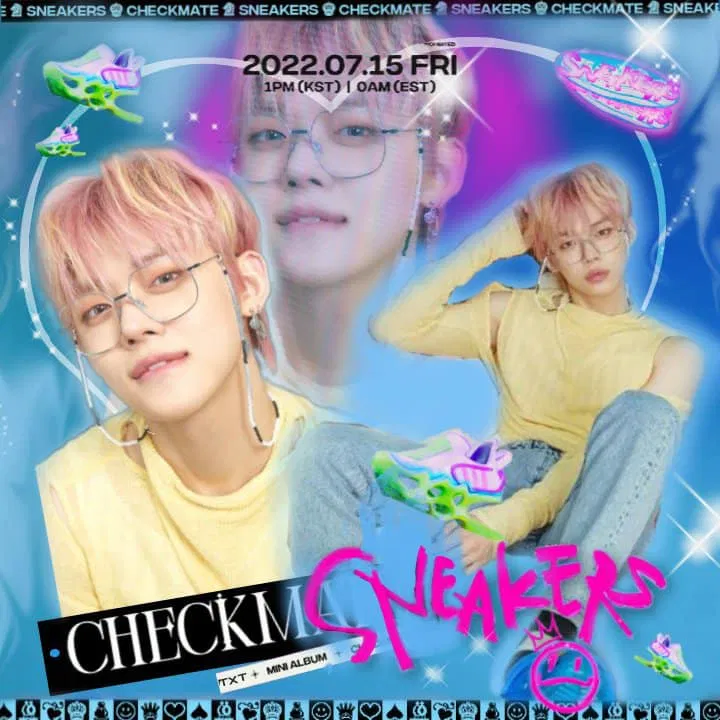 và anh cả YEONJUN (Nguồn Internet)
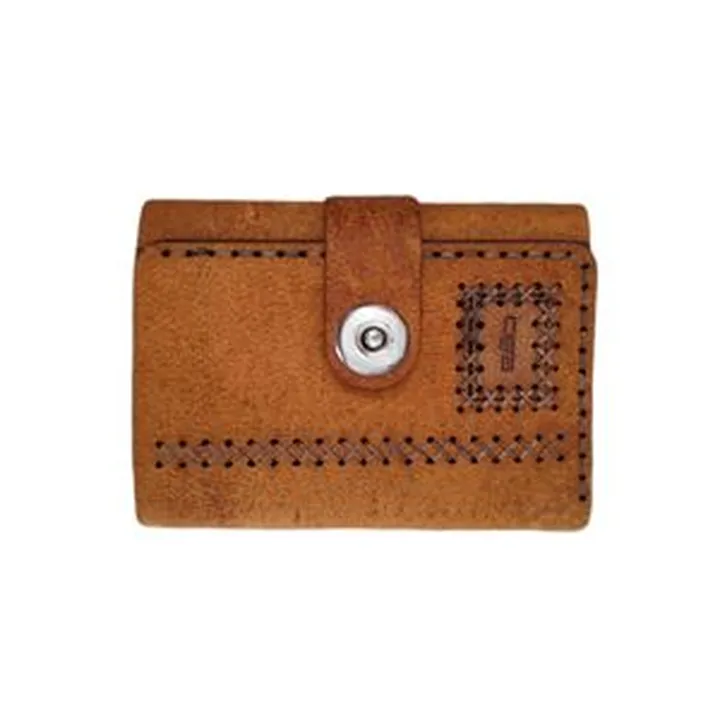 کیف پول مدل چرم طبیعی بزی دقت Sch-jk1013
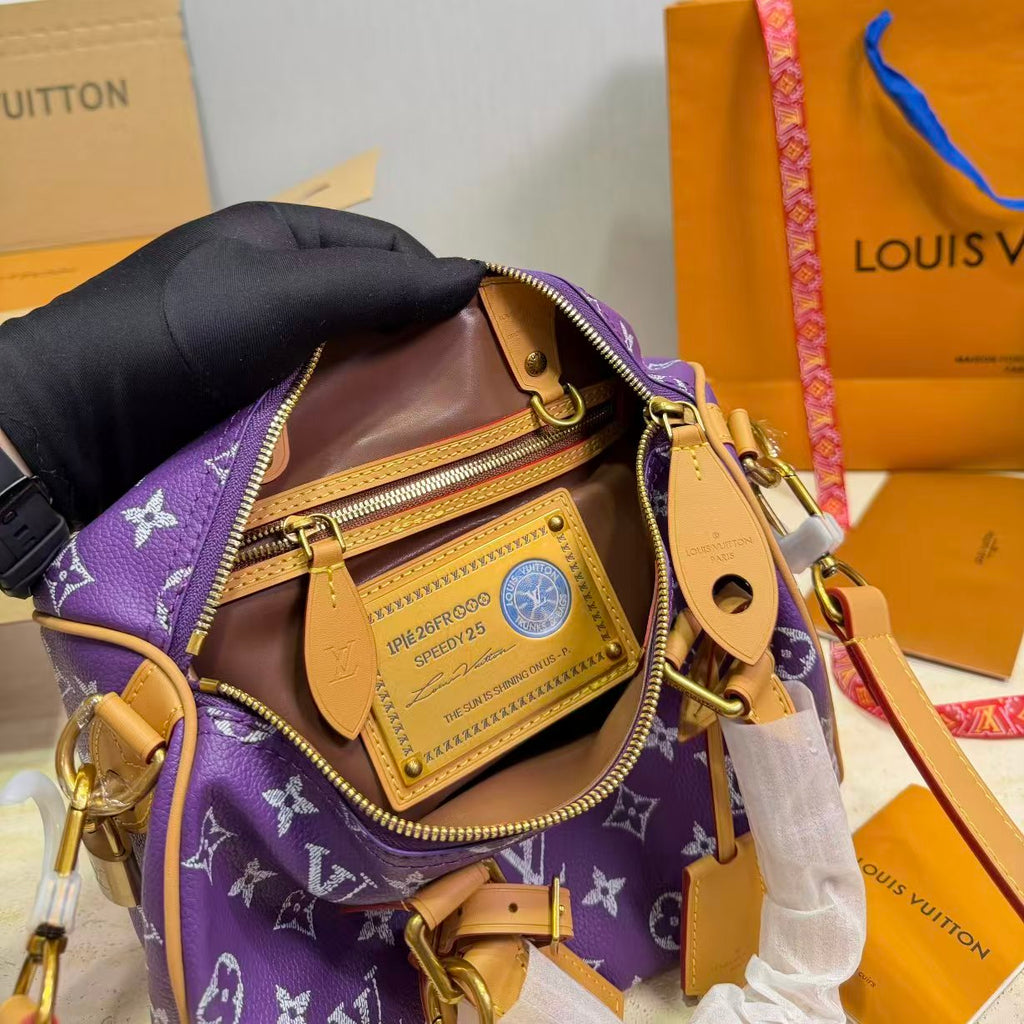 High-end Bag Customization - LV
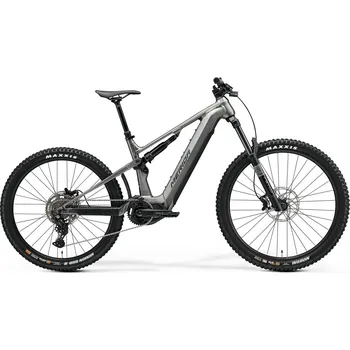 Sport Merida eONE-SIXTY 400 Gunmetal Grey(Black) 2025 Velikost: L, Rok: 2025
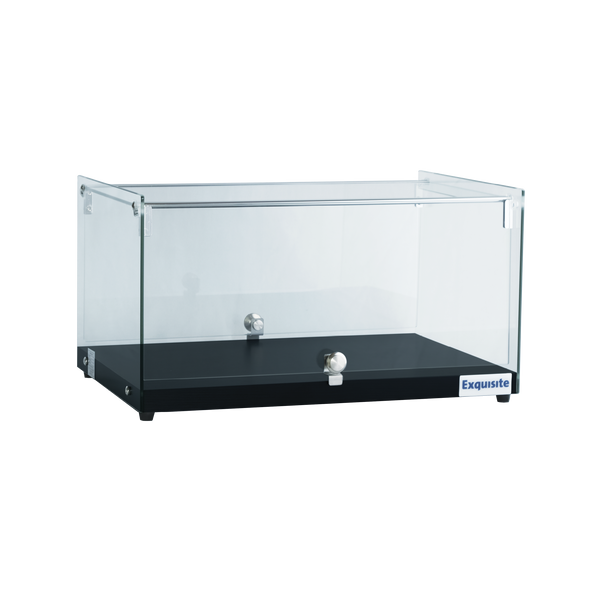 Exquisite CD35 Black - One Tier Ambient Cake Display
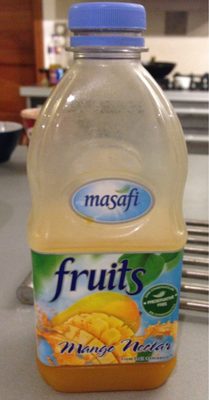 Masafi fruits mango nectar - 6291001010073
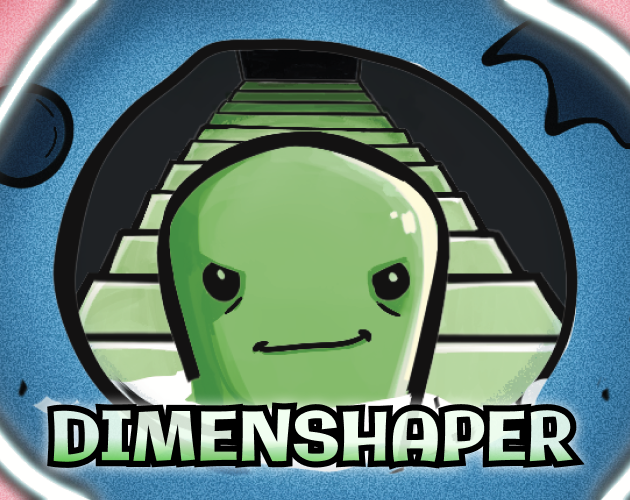 Cover image for Dimenshaper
------------
_What to do_. With the pictures omitted, copy exactly the lines from the line that contains "Masafi fruits mango nectar - 6291001010073" through the end of the material.

_Task answer_.
 Masafi fruits mango nectar - 6291001010073
 Cover image for Dimenshaper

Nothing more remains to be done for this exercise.